**Materials provided**
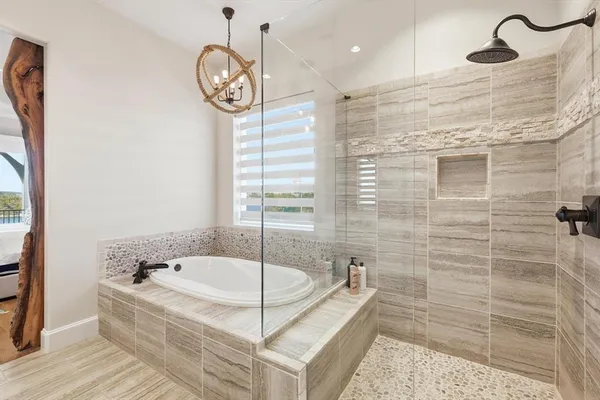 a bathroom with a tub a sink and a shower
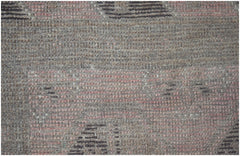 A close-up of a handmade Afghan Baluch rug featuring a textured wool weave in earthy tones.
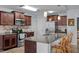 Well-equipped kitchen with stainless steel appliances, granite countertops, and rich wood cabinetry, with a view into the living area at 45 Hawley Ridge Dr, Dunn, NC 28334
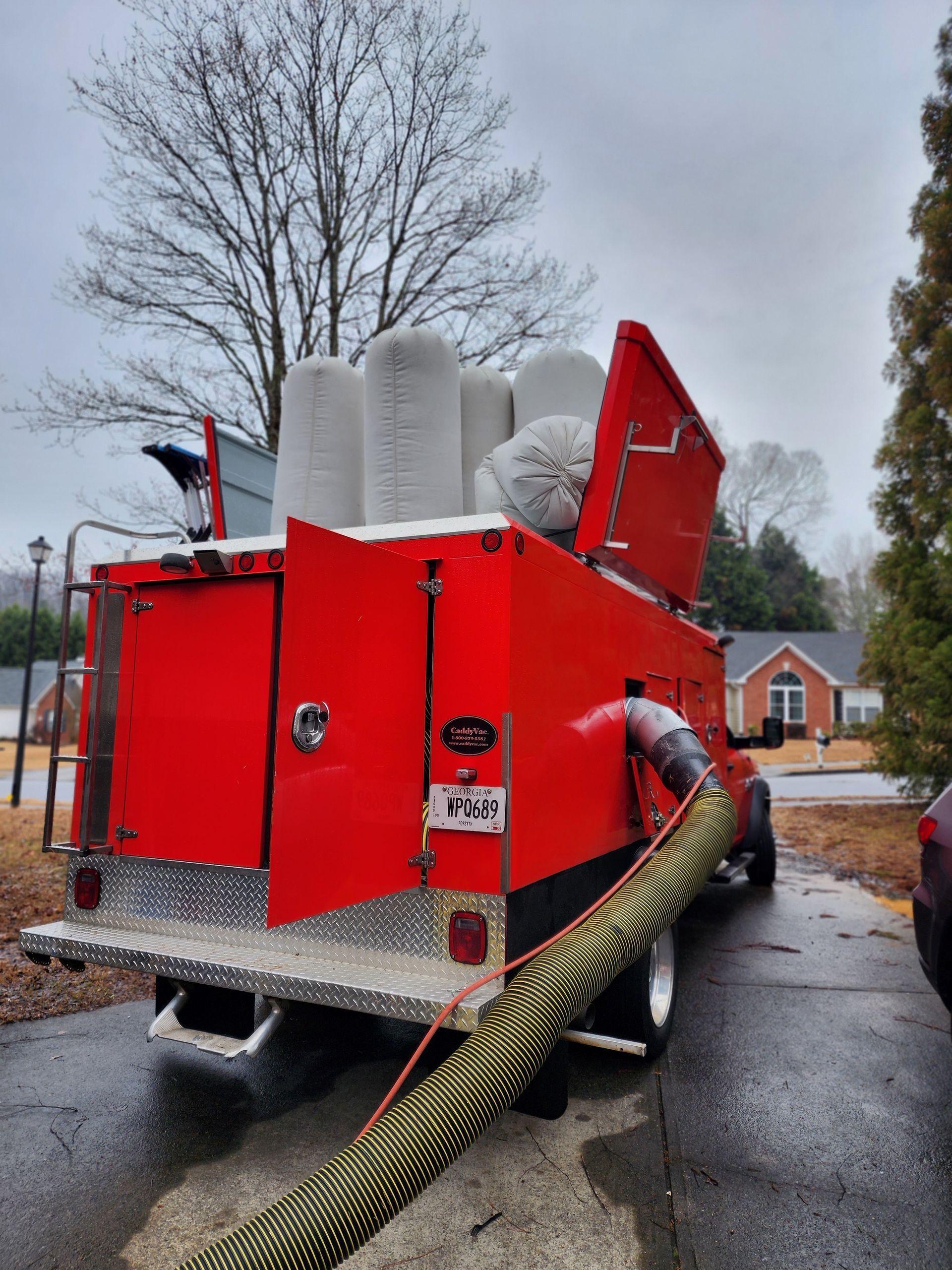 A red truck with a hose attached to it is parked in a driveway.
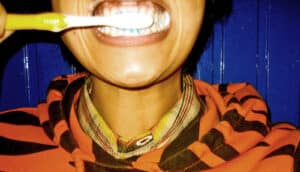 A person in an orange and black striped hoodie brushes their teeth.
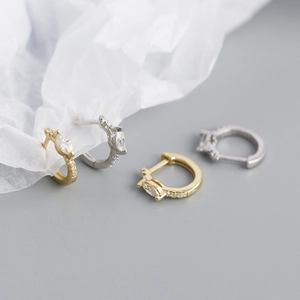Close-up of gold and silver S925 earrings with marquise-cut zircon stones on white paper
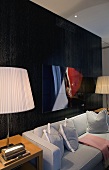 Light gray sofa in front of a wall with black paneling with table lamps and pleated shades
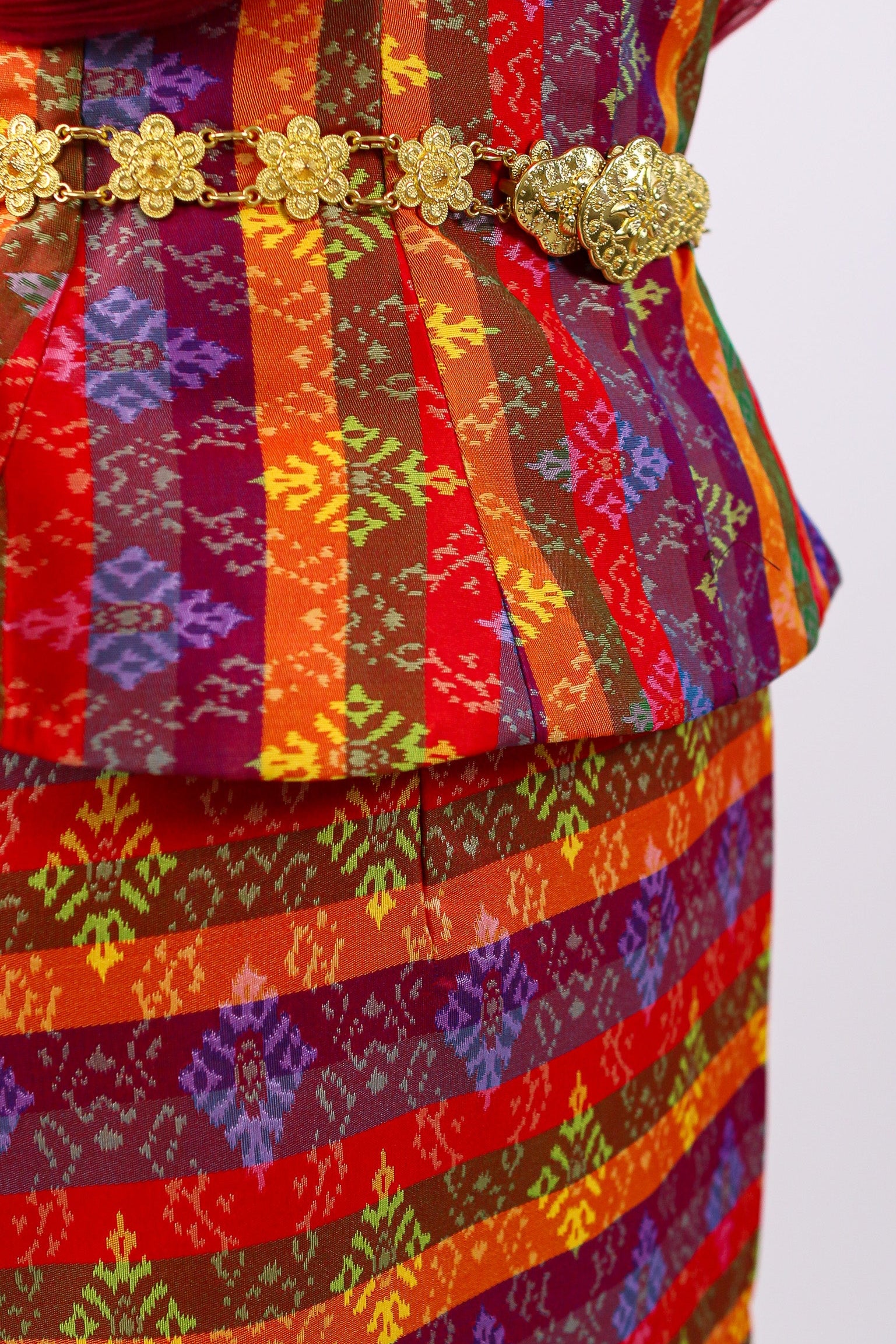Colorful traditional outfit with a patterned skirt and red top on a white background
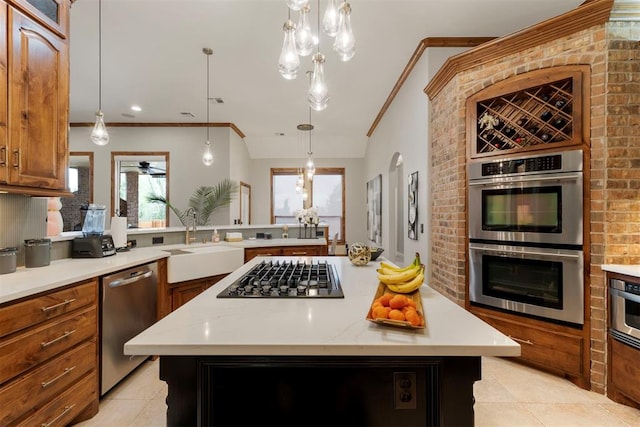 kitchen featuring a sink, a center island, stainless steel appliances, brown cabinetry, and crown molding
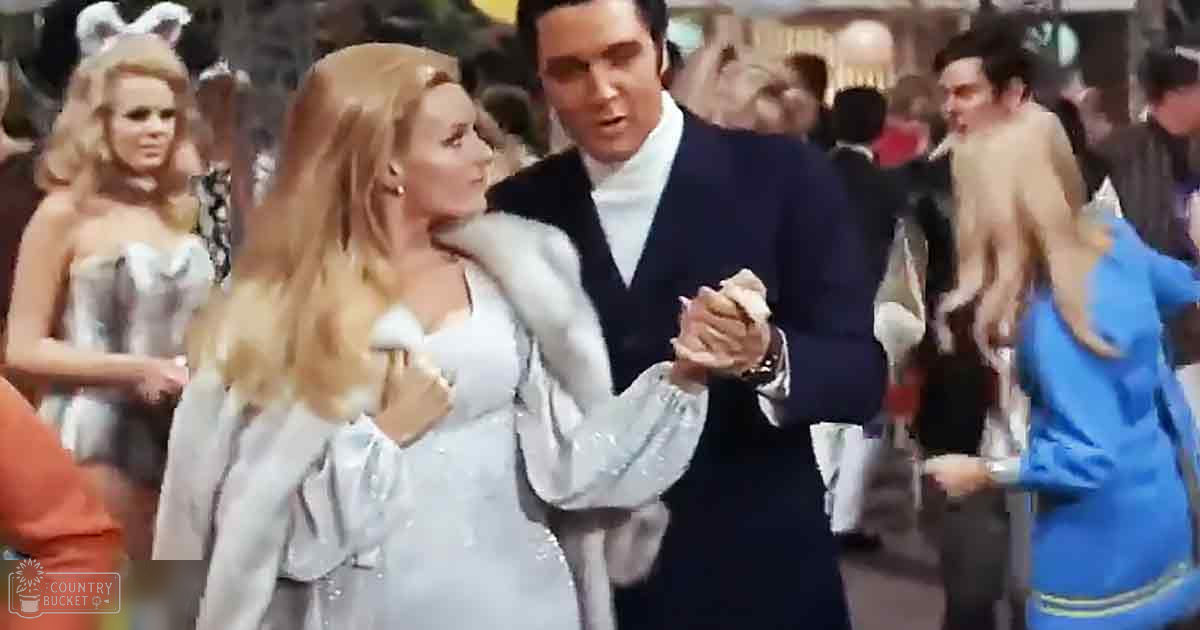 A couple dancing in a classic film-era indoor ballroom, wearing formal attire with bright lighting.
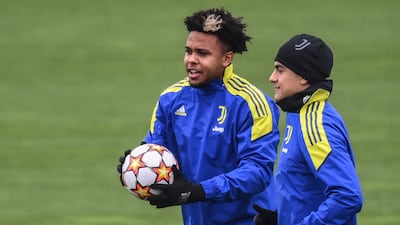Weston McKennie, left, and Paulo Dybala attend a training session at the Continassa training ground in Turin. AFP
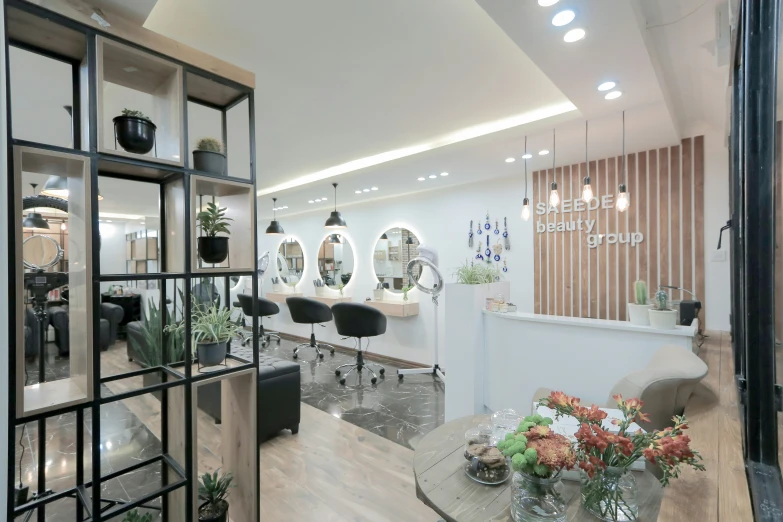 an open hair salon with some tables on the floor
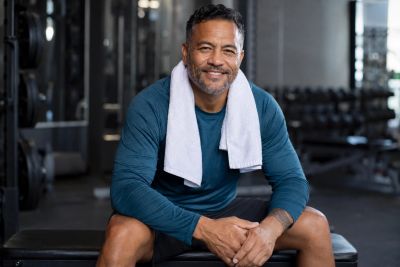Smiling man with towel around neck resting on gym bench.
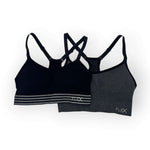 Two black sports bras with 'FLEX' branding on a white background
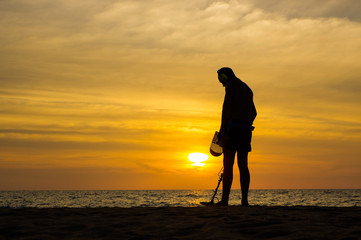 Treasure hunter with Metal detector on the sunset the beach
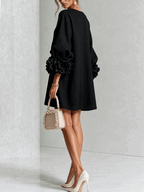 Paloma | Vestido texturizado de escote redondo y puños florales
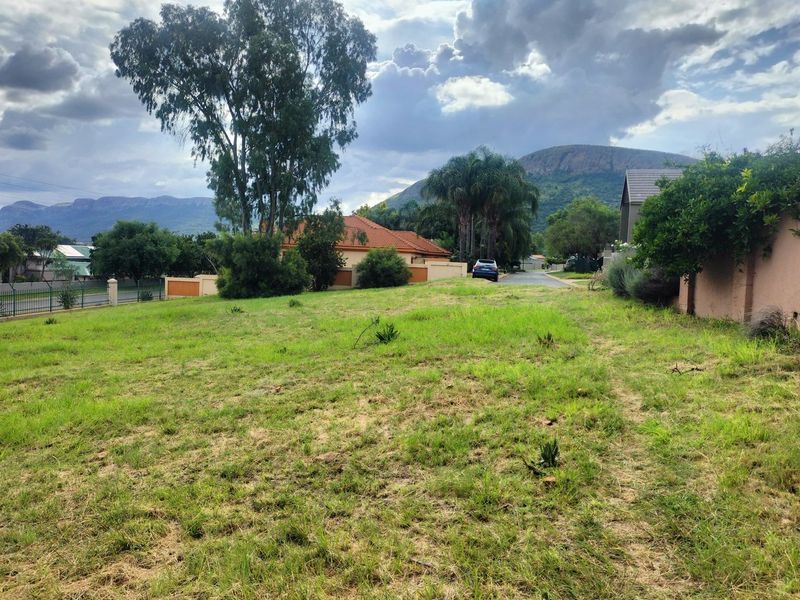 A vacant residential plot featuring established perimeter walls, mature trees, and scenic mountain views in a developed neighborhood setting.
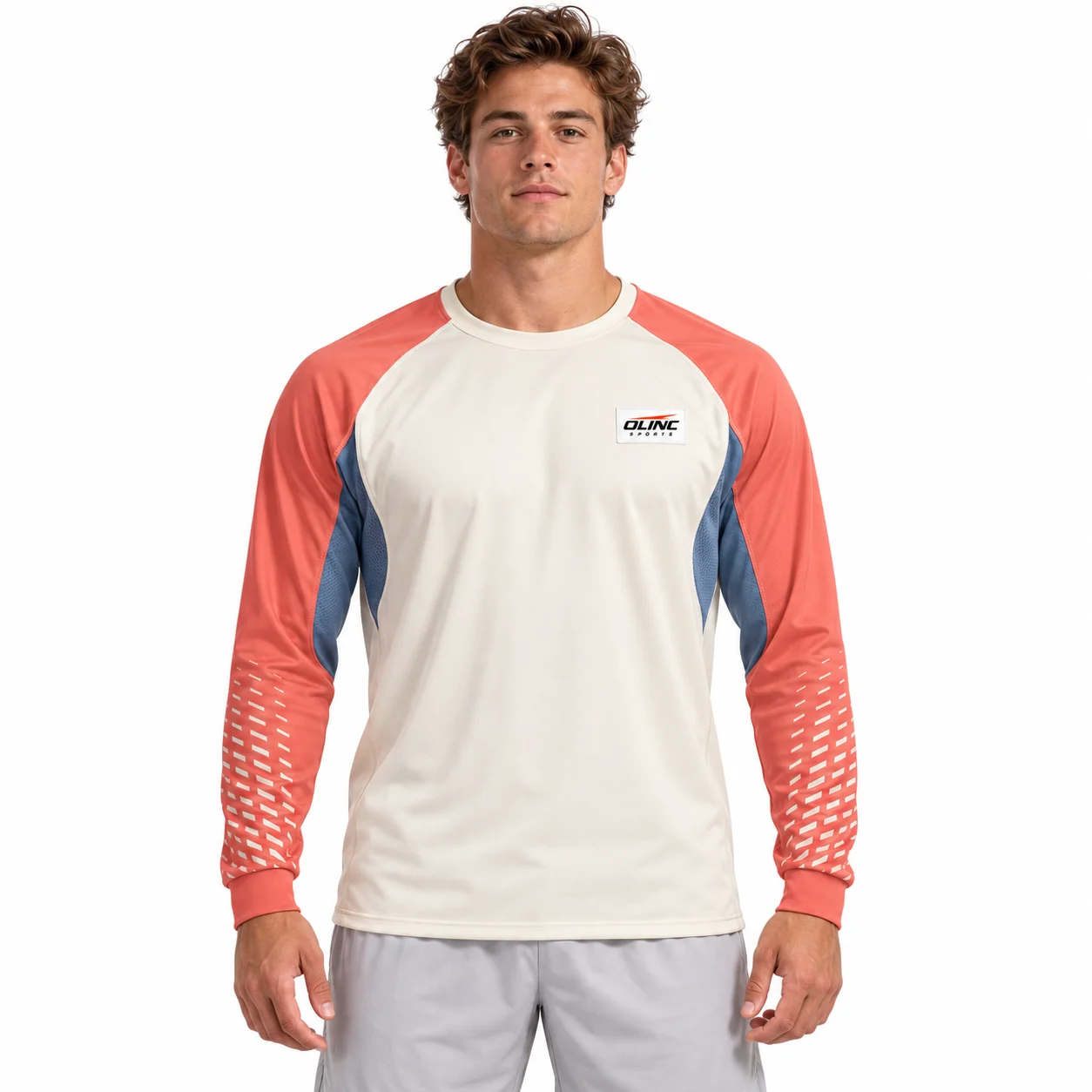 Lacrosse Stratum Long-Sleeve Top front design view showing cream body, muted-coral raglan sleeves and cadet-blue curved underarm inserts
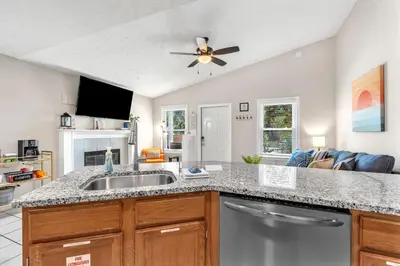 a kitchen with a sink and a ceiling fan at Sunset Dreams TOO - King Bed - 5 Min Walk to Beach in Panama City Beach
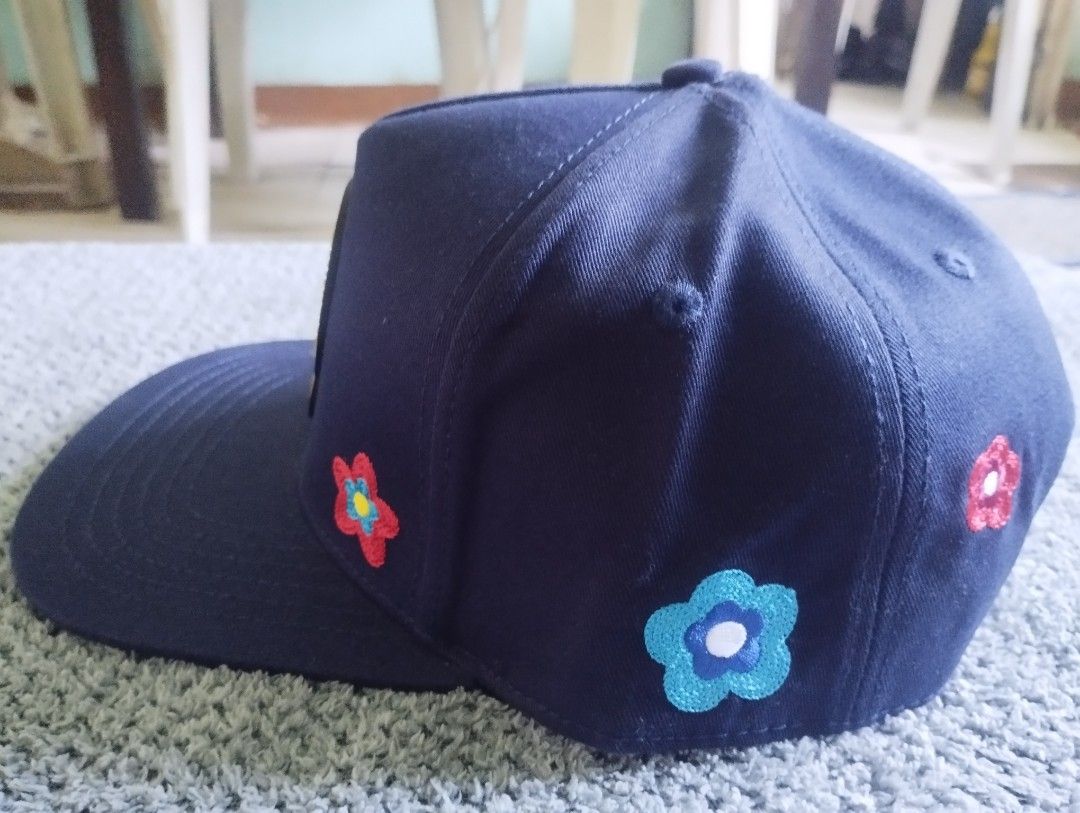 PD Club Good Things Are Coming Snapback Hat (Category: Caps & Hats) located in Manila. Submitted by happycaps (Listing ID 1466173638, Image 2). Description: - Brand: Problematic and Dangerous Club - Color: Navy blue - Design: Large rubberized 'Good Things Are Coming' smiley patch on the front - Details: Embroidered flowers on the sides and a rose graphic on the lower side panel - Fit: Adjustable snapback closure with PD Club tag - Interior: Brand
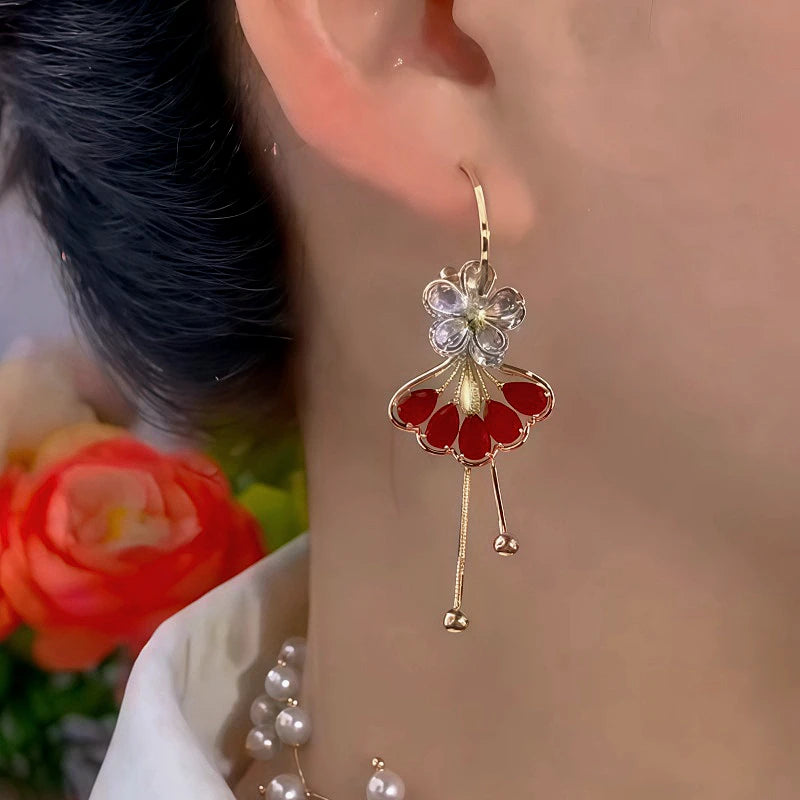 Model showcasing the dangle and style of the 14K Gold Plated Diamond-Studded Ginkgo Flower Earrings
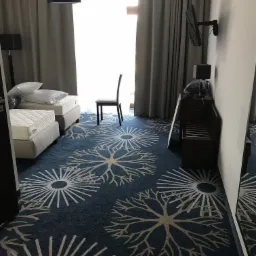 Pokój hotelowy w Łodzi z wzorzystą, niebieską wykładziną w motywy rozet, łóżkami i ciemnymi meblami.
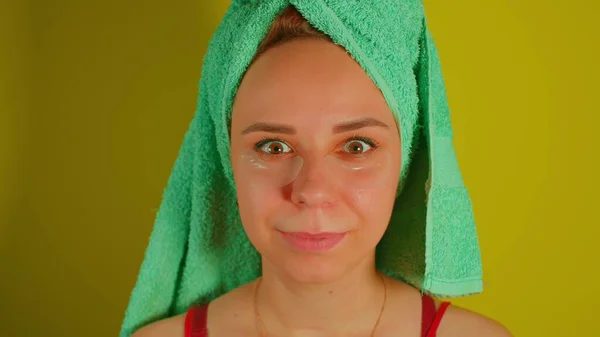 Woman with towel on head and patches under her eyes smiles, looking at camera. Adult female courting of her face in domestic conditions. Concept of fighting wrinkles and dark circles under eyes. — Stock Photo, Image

**Action item**
Set down the entries above exactly, and keep every picture out of your copy.

**Answer to this exercise**
 a bathroom with a tub a sink and a shower
 A close-up of a handmade Afghan Baluch rug featuring a textured wool weave in earthy tones.
 Well-equipped kitchen with stainless steel appliances, granite countertops, and rich wood cabinetry, with a view into the living area at 45 Hawley Ridge Dr, Dunn, NC 28334
 A red truck with a hose attached to it is parked in a driveway.
 A person in an orange and black striped hoodie brushes their teeth.
Close-up of gold and silver S925 earrings with marquise-cut zircon stones on white paper
 Light gray sofa in front of a wall with black paneling with table lamps and pleated shades
Colorful traditional outfit with a patterned skirt and red top on a white background
 kitchen featuring a sink, a center island, stainless steel appliances, brown cabinetry, and crown molding
 A couple dancing in a classic film-era indoor ballroom, wearing formal attire with bright lighting.
Weston McKennie, left, and Paulo Dybala attend a training session at the Continassa training ground in Turin. AFP
 an open hair salon with some tables on the floor
Smiling man with towel around neck resting on gym bench.
 Two black sports bras with 'FLEX' branding on a white background
 Treasure hunter with Metal detector on the sunset the beach
 Paloma | Vestido texturizado de escote redondo y puños florales
 A vacant residential plot featuring established perimeter walls, mature trees, and scenic mountain views in a developed neighborhood setting.
 Lacrosse Stratum Long-Sleeve Top front design view showing cream body, muted-coral raglan sleeves and cadet-blue curved underarm inserts
 a kitchen with a sink and a ceiling fan at Sunset Dreams TOO - King Bed - 5 Min Walk to Beach in Panama City Beach
 PD Club Good Things Are Coming Snapback Hat (Category: Caps & Hats) located in Manila. Submitted by happycaps (Listing ID 1466173638, Image 2). Description: - Brand: Problematic and Dangerous Club - Color: Navy blue - Design: Large rubberized 'Good Things Are Coming' smiley patch on the front - Details: Embroidered flowers on the sides and a rose graphic on the lower side panel - Fit: Adjustable snapback closure with PD Club tag - Interior: Brand
 Model showcasing the dangle and style of the 14K Gold Plated Diamond-Studded Ginkgo Flower Earrings
 Pokój hotelowy w Łodzi z wzorzystą, niebieską wykładziną w motywy rozet, łóżkami i ciemnymi meblami.
 Woman with towel on head and patches under her eyes smiles, looking at camera. Adult female courting of her face in domestic conditions. Concept of fighting wrinkles and dark circles under eyes. — Stock Photo, Image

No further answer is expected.